I haven't tried it, but my understanding is that Aurora is an implementation of the postgres query layer (wire protocol), but with a completely different (and proprietary) storage engine. This is similar to other products such as cockroachdb or yugabytedb if you want to think of it like that. SKIP LOCKED was added to postgres to resolve issues with queue-like record locking problems inherent in MVCC, which these other databases don't use.

bhsiaoNFLX commented 3 years ago

Setting the fetch interval to 100ms results in over-querying for new work for most use cases.

What fetch interval would you recommend?

Yes. Released 5.2.0 earlier today btw.

woo great timing! Just upgraded today.

Use batchSize instead of teamSize.

Got it. I will recommend it to my team.

I actually use both of these, along with independent Node proceses via docker containers, to give you more "real world" examples of combinations of hosting and techniques.

Nice, didn't know about technique 2. Though if I can provide some feedback, this seems like tribal knowledge and if it's a thing for performance it should be documented or built-in. Same holds true for teamSize vs. batchSize - if one is generally better than the other performance-wise please consider documenting it :)

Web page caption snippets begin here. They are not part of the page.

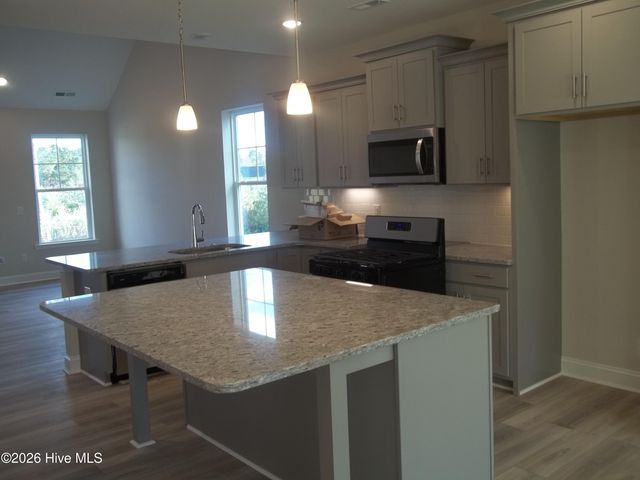 958 Sunray Lane NE, Winnabow, NC 28479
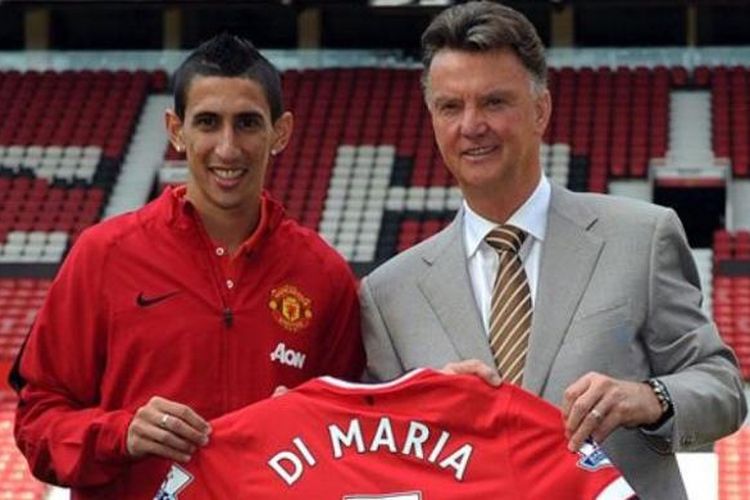 Gelandang anyar Manchester United, Angel Di Maria, bersama Louis van Gaal. 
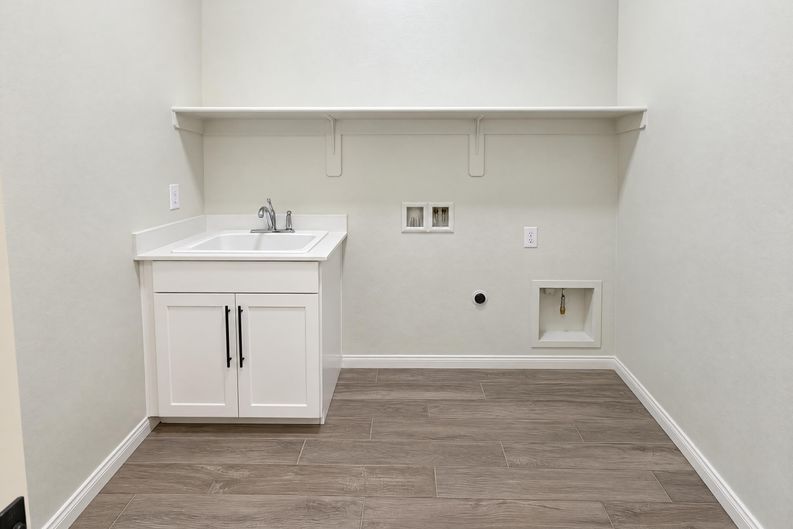 Photo 20 of 22 of 6137 Bugsy St, North Las Vegas, NV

const boss1 = new PgBoss({ ...options, schema: 'pgboss1' })
const boss2 = new PgBoss({ ...options, schema: 'pgboss2' })

Okay please explain how this actually improves performance in the scenario where there's one target database and CPU utilization hovers near 100%. If there were two target databases that'd make sense because the CPU util. is split in half for both, but you're saying separating the schema out would yield better performance and that's the part I'm not getting.

I haven't tried it, but my understanding is that Aurora is an implementation of the postgres query layer (wire protocol), but with a completely different (and proprietary) storage engine. This is similar to other products such as cockroachdb or yugabytedb if you want to think of it like that. SKIP LOCKED was added to postgres to resolve issues with queue-like record locking problems inherent in MVCC, which these other databases don't use.

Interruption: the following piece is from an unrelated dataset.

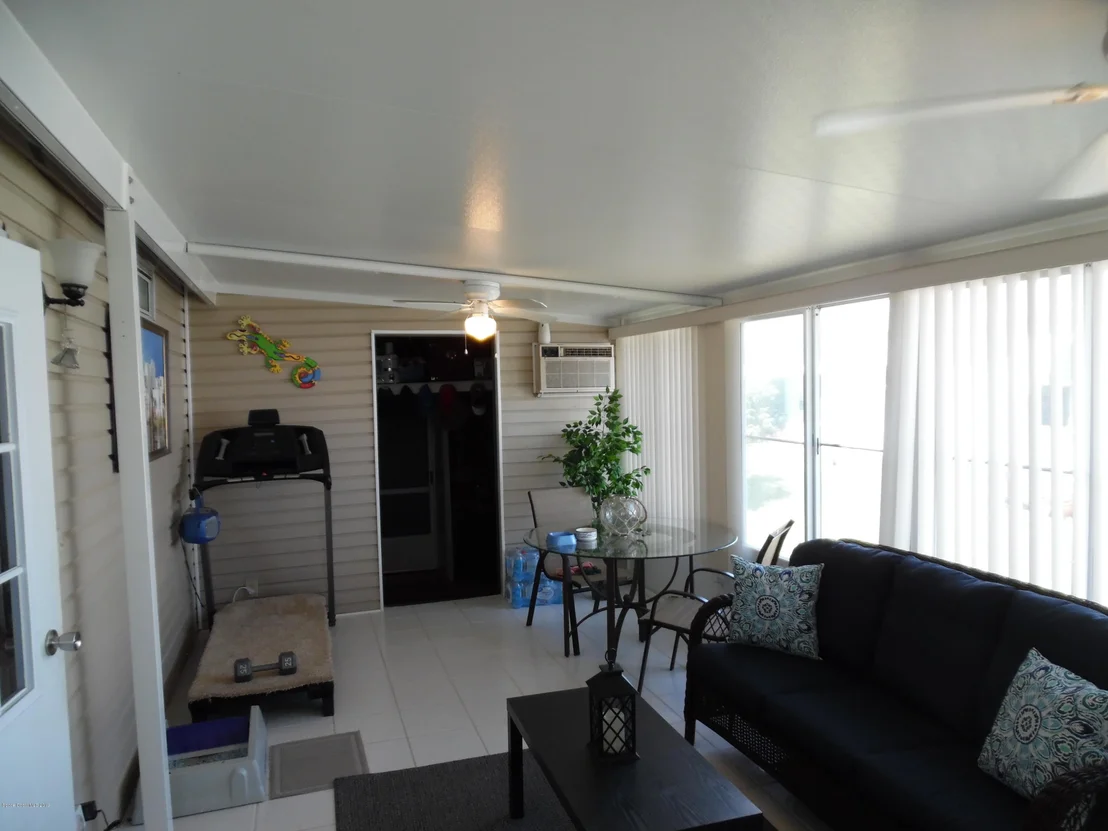 Photo of 7694 Fox Hunter Circle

I see. That seems like bad ergonomics for Postgres. I'll have to take your word for it and revisit at a later time.

timgit commented 3 years ago

What fetch interval would you recommend?

I can't easily answer that question for you. How often would like to check for jobs? What is a reasonable latency between creating and receiving a job? Answering these questions will help out deciding this. It can be customized per subscription or a global default.

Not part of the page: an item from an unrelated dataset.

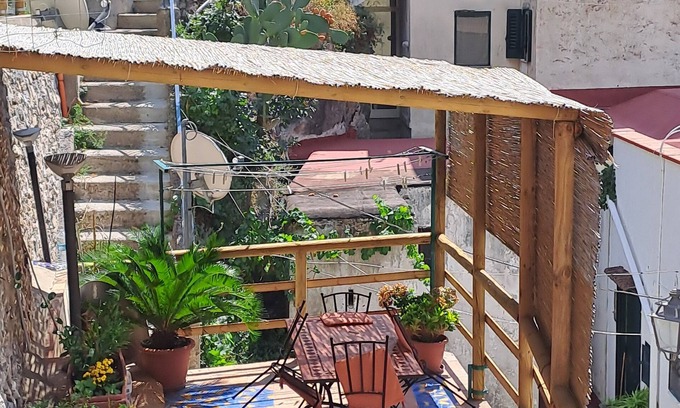 Cetara Appartement | Vacation home in the center of Cetara between sun, beach and sea...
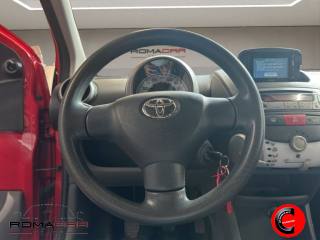 TOYOTA Aygo usata 12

this seems like tribal knowledge and if it's a thing for performance it should be documented or built-in

Guilty. The subscribe() docs don't mention this implementation detail. That is, "subscribe() adds a new polling worker to a collection of workers". I should add this to the docs.

Same holds true for teamSize vs. batchSize - if one is generally better than the other performance-wise please consider documenting it

teamSize is more of a convenience abstraction over batchSize, where you have to work with the job array directly, manually completing and/or failing jobs. You would need to try both to determine if the extra effort required to use batchSize is worth it.

please explain how this actually improves performance in the scenario where there's one target database and CPU utilization hovers near 100%

I doubt this would help if your db server is out of resources. The only point I was trying to make is that this introduces manual partitioning for all the reasons partitioning is good for a large table.

ilijaNL commented 3 years ago

Perhaps a little bit late but good to know for others. To scale pg boss horizontally when your system is postgres performance bound is to create postgres read replicas and connect Pg boss to those and use the master slave only to publish jobs. See https://github.com/bitnami/bitnami-docker-postgresql#setting-up-a-streaming-replication for possible setup

fmmoret commented 2 years ago

wouldn't fetching a job with skip locked (+ the subsequent update) require read-locks and be master-bound?